__Task__: In full and without alteration, return the records below.
--- Data section Enclosed Below ---
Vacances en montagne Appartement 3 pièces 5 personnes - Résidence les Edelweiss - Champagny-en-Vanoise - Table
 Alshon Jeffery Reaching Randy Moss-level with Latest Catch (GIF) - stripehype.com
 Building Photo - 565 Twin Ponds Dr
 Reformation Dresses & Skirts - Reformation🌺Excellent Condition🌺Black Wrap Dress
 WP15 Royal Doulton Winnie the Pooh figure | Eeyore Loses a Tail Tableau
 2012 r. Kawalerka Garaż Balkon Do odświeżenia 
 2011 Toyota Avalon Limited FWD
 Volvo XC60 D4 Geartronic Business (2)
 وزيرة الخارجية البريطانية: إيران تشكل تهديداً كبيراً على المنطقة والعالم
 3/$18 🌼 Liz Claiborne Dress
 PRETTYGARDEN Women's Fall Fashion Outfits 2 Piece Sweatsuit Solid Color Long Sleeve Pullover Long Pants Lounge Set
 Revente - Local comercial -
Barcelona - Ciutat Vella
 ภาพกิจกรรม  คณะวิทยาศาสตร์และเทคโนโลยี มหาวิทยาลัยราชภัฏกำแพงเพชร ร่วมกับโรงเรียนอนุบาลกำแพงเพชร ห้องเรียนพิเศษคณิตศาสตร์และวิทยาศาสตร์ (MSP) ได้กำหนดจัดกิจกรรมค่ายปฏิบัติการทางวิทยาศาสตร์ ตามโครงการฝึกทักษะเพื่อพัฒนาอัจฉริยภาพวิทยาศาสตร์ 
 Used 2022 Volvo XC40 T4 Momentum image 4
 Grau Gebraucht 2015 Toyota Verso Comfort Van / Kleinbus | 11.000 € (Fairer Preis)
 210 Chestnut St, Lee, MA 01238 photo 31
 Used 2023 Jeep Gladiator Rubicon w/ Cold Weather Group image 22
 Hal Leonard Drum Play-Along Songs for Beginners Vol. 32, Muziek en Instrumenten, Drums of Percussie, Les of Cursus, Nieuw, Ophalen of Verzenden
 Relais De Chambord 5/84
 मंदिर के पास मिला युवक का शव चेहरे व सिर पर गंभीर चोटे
--- End of Enclosed Data section ---
__Reply__:
Vacances en montagne Appartement 3 pièces 5 personnes - Résidence les Edelweiss - Champagny-en-Vanoise - Table
 Alshon Jeffery Reaching Randy Moss-level with Latest Catch (GIF) - stripehype.com
 Building Photo - 565 Twin Ponds Dr
 Reformation Dresses & Skirts - Reformation🌺Excellent Condition🌺Black Wrap Dress
 WP15 Royal Doulton Winnie the Pooh figure | Eeyore Loses a Tail Tableau
 2012 r. Kawalerka Garaż Balkon Do odświeżenia 
 2011 Toyota Avalon Limited FWD
 Volvo XC60 D4 Geartronic Business (2)
 وزيرة الخارجية البريطانية: إيران تشكل تهديداً كبيراً على المنطقة والعالم
 3/$18 🌼 Liz Claiborne Dress
 PRETTYGARDEN Women's Fall Fashion Outfits 2 Piece Sweatsuit Solid Color Long Sleeve Pullover Long Pants Lounge Set
 Revente - Local comercial -
Barcelona - Ciutat Vella
 ภาพกิจกรรม  คณะวิทยาศาสตร์และเทคโนโลยี มหาวิทยาลัยราชภัฏกำแพงเพชร ร่วมกับโรงเรียนอนุบาลกำแพงเพชร ห้องเรียนพิเศษคณิตศาสตร์และวิทยาศาสตร์ (MSP) ได้กำหนดจัดกิจกรรมค่ายปฏิบัติการทางวิทยาศาสตร์ ตามโครงการฝึกทักษะเพื่อพัฒนาอัจฉริยภาพวิทยาศาสตร์ 
 Used 2022 Volvo XC40 T4 Momentum image 4
 Grau Gebraucht 2015 Toyota Verso Comfort Van / Kleinbus | 11.000 € (Fairer Preis)
 210 Chestnut St, Lee, MA 01238 photo 31
 Used 2023 Jeep Gladiator Rubicon w/ Cold Weather Group image 22
 Hal Leonard Drum Play-Along Songs for Beginners Vol. 32, Muziek en Instrumenten, Drums of Percussie, Les of Cursus, Nieuw, Ophalen of Verzenden
 Relais De Chambord 5/84
 मंदिर के पास मिला युवक का शव चेहरे व सिर पर गंभीर चोटे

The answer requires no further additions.